[Start of section]

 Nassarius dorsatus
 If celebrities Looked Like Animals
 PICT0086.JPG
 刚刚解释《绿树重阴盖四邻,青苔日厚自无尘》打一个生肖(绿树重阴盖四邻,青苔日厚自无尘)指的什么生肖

[End of section]

### Task to carry out
Line by line, transcribe the material above without leaving anything out.

### Solution for this exercise
 Nassarius dorsatus
 If celebrities Looked Like Animals
 PICT0086.JPG
 刚刚解释《绿树重阴盖四邻,青苔日厚自无尘》打一个生肖(绿树重阴盖四邻,青苔日厚自无尘)指的什么生肖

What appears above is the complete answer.